黒船が欲しいといってもお金を出して買えるといった物でもなく、造る以外に方法はありません。造るにしても図面があるわけでなし、宗城から相談を受けた家老の桑折左衛門にしても、黒船を造るように命ぜられた下級武士たちも黒船を見たことはありません。誰に造らせるかということも大問題です。

 

しかし、そこはおおらかなものです。“異人が造ったものを宇和島の提灯屋(嘉蔵)が造れないはずはなかろう”と考えたのです。嘉蔵は貧乏でうだつの上がらない職人でしたが、手先が器用で提灯のほかにかんざし細工、うるし細工、彫刻、雛御殿の製作、雛人形の修理、五月幟(のぼり)の仕立て、鎧兜(よろいかぶと)の繕い、仏像修理に至るまで、何でもこなす器用さを持っていました。

 

士農工商と身分制度が確立しているおりから、「工」の誰かを選ばなければならないわけですが、下級武士たちが家老からの命を受け、一番はじめに手先の器用な嘉蔵にやらせようと考えたのはうなずけます。

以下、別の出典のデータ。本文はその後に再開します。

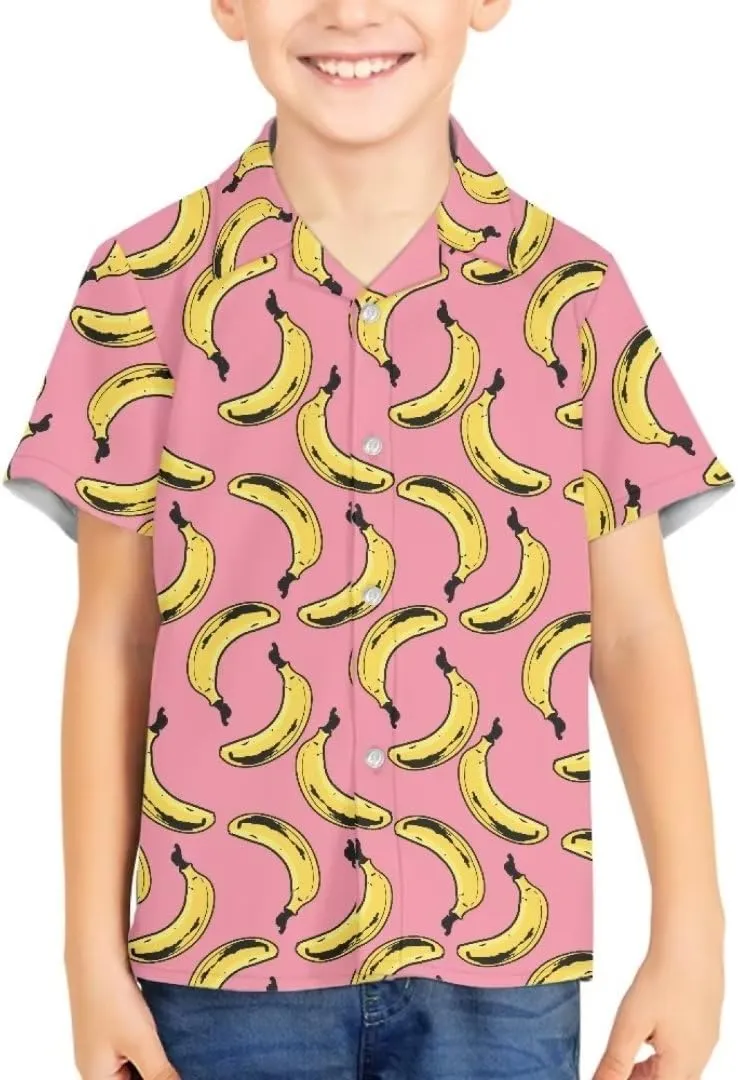 Hawapod Short Sleeves Kid Hawaiian Shirt Cartoon Button Down Lightweight Quick Dry Boy Hawaiian Shirt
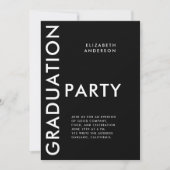 Modern Bold Black en White Graduation Party Kaart (Voorkant)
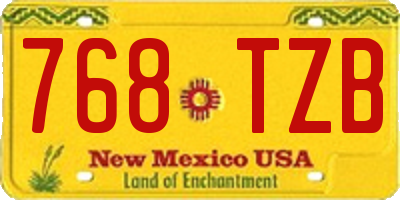 NM license plate 768TZB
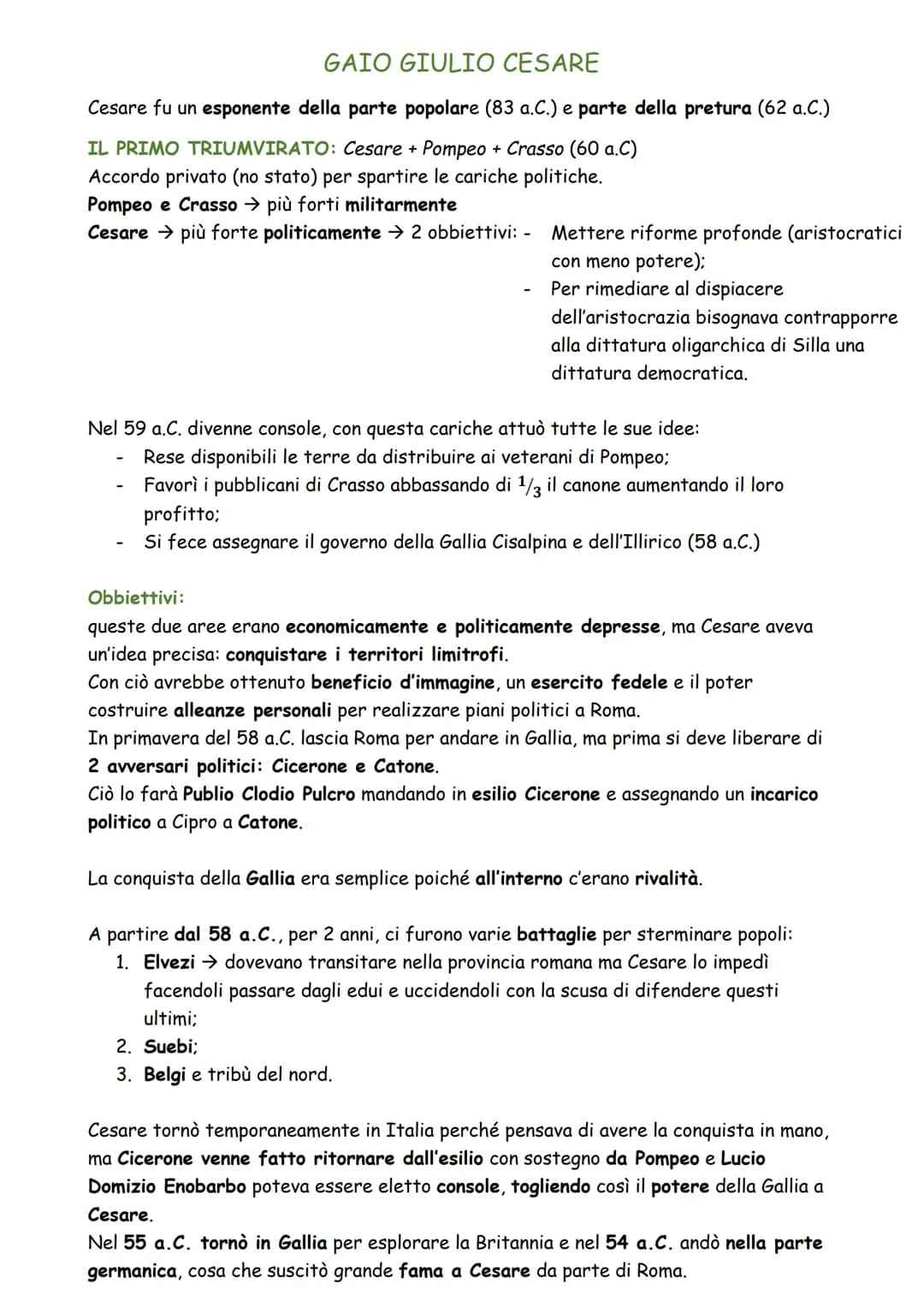 GAIO GIULIO CESARE
Cesare fu un esponente della parte popolare (83 a.C.) e parte della pretura (62 a.C.)
IL PRIMO TRIUMVIRATO: Cesare + Pomp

手先の器用な者として下級武士たちが尊敬する職人は提灯屋の嘉蔵でした。

 

下級武士たちが参勤交代で江戸にいるとき、内職をするのは決まって傘張りです。傘張りは、ピンとした竹の骨に紙を張るのも難しいのに、あのグニャグニャした提灯に器用に紙を張る提灯職人嘉蔵の技術は、尊敬に値するものだったようです。したがって、下級武士たちにとって黒船を造らせるには絶好の相手に思えたのでしょう。

 

当時、宇和島藩に村田蔵六(後の大村益次郎)が通訳として来ていたそうですが、オランダの技師にタービンの図面を貰ってそれを参考にすることにしました。早速ご城下から嘉蔵が呼びつけられます。下級武士たちはタービンの図面を嘉蔵に見せ、造るように命じます。嘉蔵は早速命じられたとおりにタービンを造ってきました。宗城に見せますと“これで良い。本物を造れ。嘉蔵に金子(きんす)を取らせる”とご褒美まで貰ってしまいます。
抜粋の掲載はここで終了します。